In [1]:
from src.pair_trade import PairTradeAnalysis
from src.pair_trading_dash_board import PairTradingDashBoard
from src.backtesting import BackTesting
from src.utils.plot_utils import plot_regression_results
from src.stock_regression_dash_board import StockRegressionDashBoard
from src.most_explain_dash_board import  MostExplainDashBoard

#### **Note:** Due to GitHub's 25MB file size limit, I couldn't upload the full data. Instead, a text file in the "Data" folder provides a Dropbox link to access the full data. To run the code, please download the data from Dropbox link, and make sure the downloaded data in the "Data" foler.

# Project 1: Pair Trading

## Part 1: How to Select Pairs? Steps Below

1. **Correlation Check**: Filter pairs within the same sector using a correlation threshold of 0.9.
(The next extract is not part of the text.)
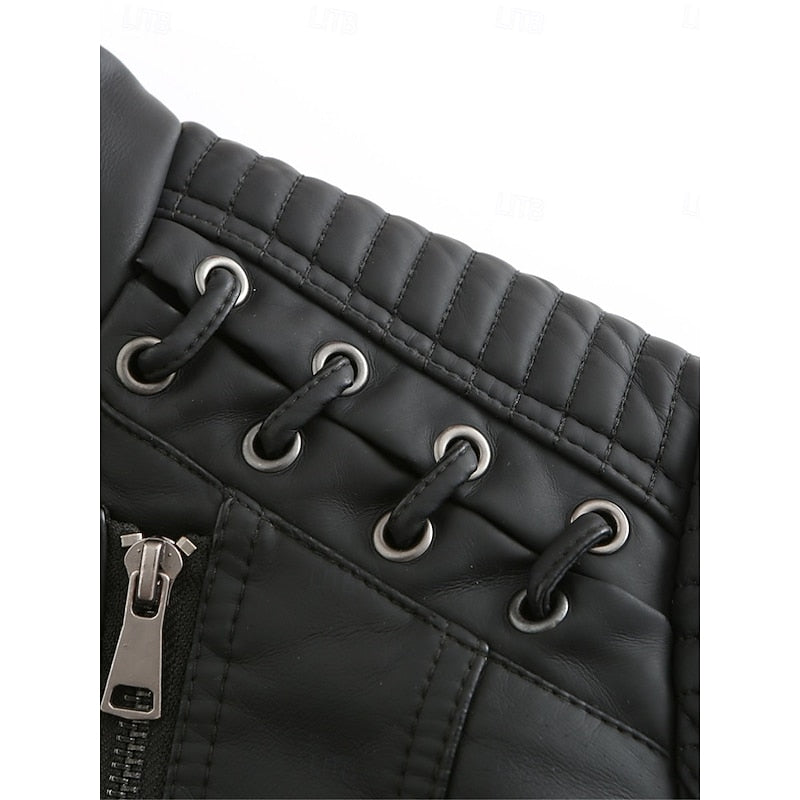 Women's Tailored Biker Jacket with Stylish Stitching - 9 - London-stylehouse.com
2. **Cointegration Test**: Select pairs with strong relationships by conducting cointegration tests (significance level = 0.05).

3. **Static Hedge Ratio and Spread Estimation**: 
   - Apply OLS to estimate the hedge ratio statically, and then calculate the spread between the two cointegrated pairs.
   - To confirm mean reversion to zero:
     - Use ADF p-value < 0.05 to confirm stationarity.
     - Use KPSS p-value > 0.05 with regression='c' to confirm stationarity around a constant mean (no trend).
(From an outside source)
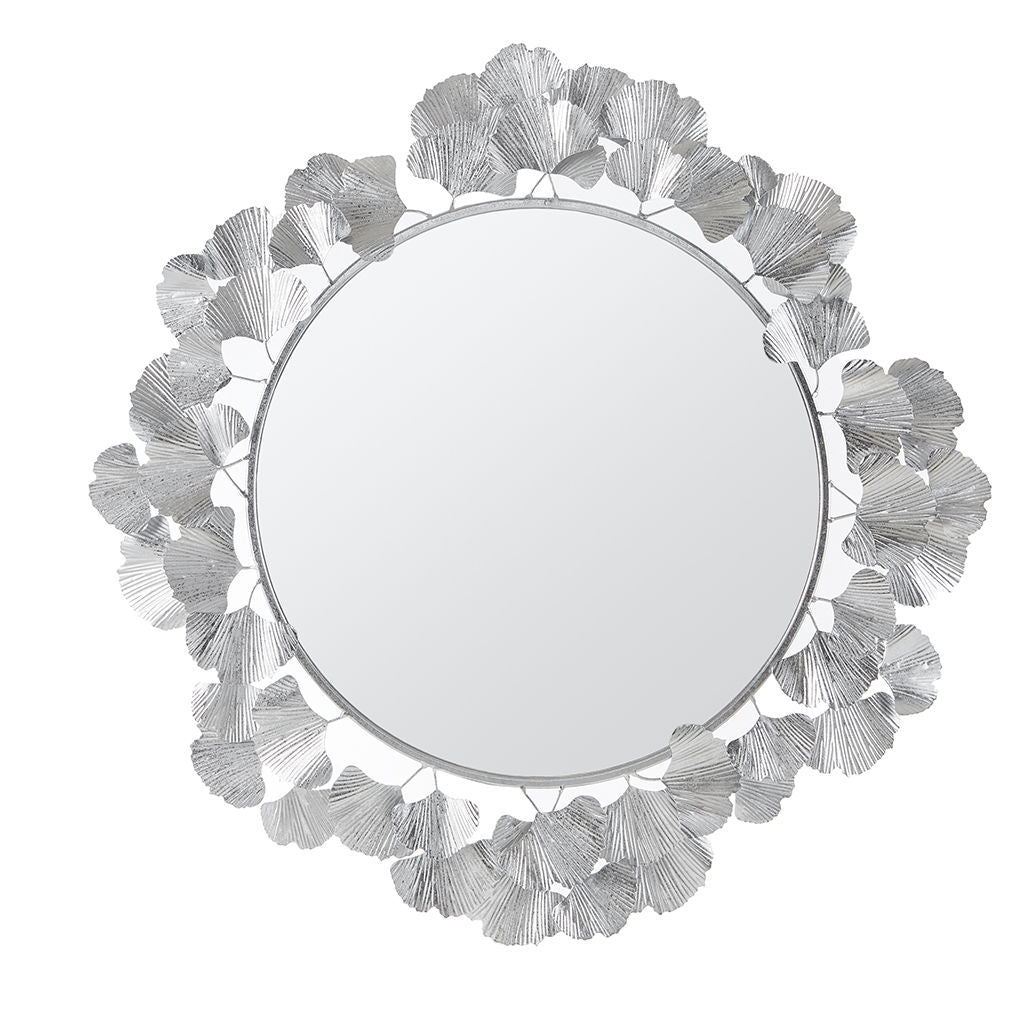 Eden - Eden Gingko Leaf Round Wall Mirror 30.5" - Silver Martha Stewart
4. **Dynamic Hedge Ratio and Spread Estimation**:
   - Apply the Kalman filter to estimate the hedge ratio dynamically over time, and then calculate dynamically spread between the two cointegrated pairs.
   - To confirm mean reversion to zero:
     - Use ADF p-value < 0.05 to confirm stationarity.
     - Use KPSS p-value > 0.05 with regression='c' to confirm stationarity around a constant mean (no trend).
   - Add a **burn-in** period (65 days, i.e., 3 months trading days): By allowing this "burn-in" period, we give the Kalman filter time to converge on stable alpha and beta values, producing a more accurate and comparable spread estimate.
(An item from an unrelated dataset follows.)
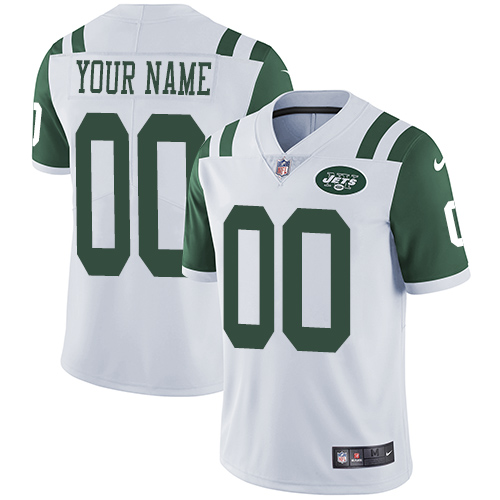 Men's Nike New York Jets Customized White Vapor Untouchable Custom Limited NFL Jersey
5. **Note**: Once we find a pair, we use the ticker with **higher volatility** as the dependent variable **(Y)**, as it tends to have larger fluctuations that may be mean-reverting around the expected value derived from the less volatile asset (X).


In [2]:
# http://127.0.0.1:3033/
def Project_1_DashBoard():
    # Project1 step 1/2: Pair Trading Strategy
    PairTradingDashBoard(PairTradeAnalysis()).run_app() 


In [3]:
'''
    See saved webpage PDF in Project_1_HighCorrelation.pdf
'''

# Note: this step may take 2-3 mins to run, drag to the bottom in the below output box to see the progression bar. 
Project_1_DashBoard() 

Analysis started


Pairs Trading Workflow: 100%|█████████████████| 100/100 [05:19<00:00,  3.20s/it]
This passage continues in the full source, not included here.